Hamšík als neuer Maradona?

In den ersten Wochen seiner Amtszeit hat der Spanier bereits seine kommunikativen Fähigkeiten unter Beweis gestellt. "Er hat ein gutes Verhältnis zu allen Spielern und führt viele Einzelgespräche. Seine Analysen helfen uns enorm weiter", schwärmt José Callejon beim italienischen Fernsehsender "Cuatro" vom guten Verhältnis zwischen Mannschaft und Trainer.

Nicht nur in der Mannschaft herrscht aber gute Stimmung, auch auf den fanatischen Anhang kann sich Benítez verlassen. Die zwei räumlich getrennten Fanblöcke Curva A und Curva B verwandeln das Stadio San Paolo in eines der lautesten in Europa, in Italien ist es als "Hölle des Südens" bekannt. Im Gegensatz zu seiner letzten Station in London spürt Benítez bei den Tifosi der Himmelblauen nun die volle Rückendeckung. Ein Zustand, der ihm die nötige Ruhe zum Arbeiten gibt.

So kann der Spanier sein Konzept durchziehen. Er hat eine klare Vorstellung davon, wie der Fußball seines Teams aussehen soll. Das international eher unkonventionelle 3-4-2-1 von Mazzari ist Geschichte. Benítez setzt stattdessen auf ein modernes 4-2-3-1 mit offensiven Außen, intensivem Gegenpressing und schnellem Passspiel in die Spitze.

Im Gegensatz zu Mazzaris Spielweise mit zwei zentralen offensiven Mittelfeldspielern setzt der Spanier auf Marek Hamšík als alleinigen Zehner. Der Slowake ist als Schlüsselspieler mit allen Freiheiten ausgestattet und zahlt es mit Leistung zurück. In den ersten drei Ligaspielen war er mit vier Treffern maßgeblich daran beteiligt, dass Neapel drei Siege einfahren und die Spitze der Tabelle erobern konnte.

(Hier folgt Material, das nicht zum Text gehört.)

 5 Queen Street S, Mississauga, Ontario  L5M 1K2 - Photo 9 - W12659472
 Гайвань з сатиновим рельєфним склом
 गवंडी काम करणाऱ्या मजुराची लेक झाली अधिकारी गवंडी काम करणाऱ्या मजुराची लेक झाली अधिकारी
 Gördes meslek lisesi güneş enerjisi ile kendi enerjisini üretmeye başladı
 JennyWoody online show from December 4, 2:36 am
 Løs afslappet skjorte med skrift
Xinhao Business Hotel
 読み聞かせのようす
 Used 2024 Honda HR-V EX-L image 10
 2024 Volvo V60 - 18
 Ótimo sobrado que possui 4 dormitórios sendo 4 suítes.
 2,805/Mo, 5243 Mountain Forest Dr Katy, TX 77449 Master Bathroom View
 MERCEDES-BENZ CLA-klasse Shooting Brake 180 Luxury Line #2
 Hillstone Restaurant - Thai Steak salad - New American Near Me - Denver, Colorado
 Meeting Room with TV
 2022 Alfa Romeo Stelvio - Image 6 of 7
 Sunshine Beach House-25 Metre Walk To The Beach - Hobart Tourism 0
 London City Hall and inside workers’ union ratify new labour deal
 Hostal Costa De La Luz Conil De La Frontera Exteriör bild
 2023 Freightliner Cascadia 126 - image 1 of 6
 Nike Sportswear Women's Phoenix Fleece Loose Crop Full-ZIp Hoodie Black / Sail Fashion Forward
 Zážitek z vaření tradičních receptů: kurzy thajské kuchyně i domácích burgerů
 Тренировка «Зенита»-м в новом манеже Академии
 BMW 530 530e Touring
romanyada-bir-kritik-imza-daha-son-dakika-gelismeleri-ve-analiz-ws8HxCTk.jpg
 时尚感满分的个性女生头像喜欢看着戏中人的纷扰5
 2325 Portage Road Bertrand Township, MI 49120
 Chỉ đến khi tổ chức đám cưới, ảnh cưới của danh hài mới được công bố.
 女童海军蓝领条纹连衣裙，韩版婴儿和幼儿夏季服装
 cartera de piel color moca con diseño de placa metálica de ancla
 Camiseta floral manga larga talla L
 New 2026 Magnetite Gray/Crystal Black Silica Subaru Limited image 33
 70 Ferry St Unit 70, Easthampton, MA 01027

Erwartungshaltung als Gefahr

Hamšík wird zugetraut, aus dem langen Schatten Maradonas zu treten und Neapel zum ersten Scudetto seit 1990 zu führen. Schon dieser gewagte Vergleich mit dem unvergessenen Klub-Heiligen führt aber die immensen Erwartungen in Neapel vor Augen. Dass in dieser Erwartungshaltung besonders in Italien eine große Gefahr liegt, weiß Benítez wie kaum ein zweiter. Erst 2010 ist er bei Inter an eben diesem Übermaß an Hoffnungen gescheitert.

Also ist der Trainer von Beginn an bemüht, die Ansprüche zu dämpfen: "Wir sind zufrieden mit der Tabellenführung, aber wir sind erst am Anfang. Es ist wichtig, dass das Umfeld ruhig bleibt."

Eine ambitionierte Forderung, denn nach dem Traumstart in der Serie A steht nun Champions League an. Und gleich zum Aufgalopp kommt ein richtiger Kracher ins San Paolo: Borussia Dortmund (ab 20:45 Uhr im weltfussball-Liveticker). Dass es in der "Hölle des Südens" ruhig bleibt, wenn mit den Schwarz-Gelben eine andere für ihre Lautstärke bekannte Fangruppe zu Gast ist, gilt als unwahrscheinlich.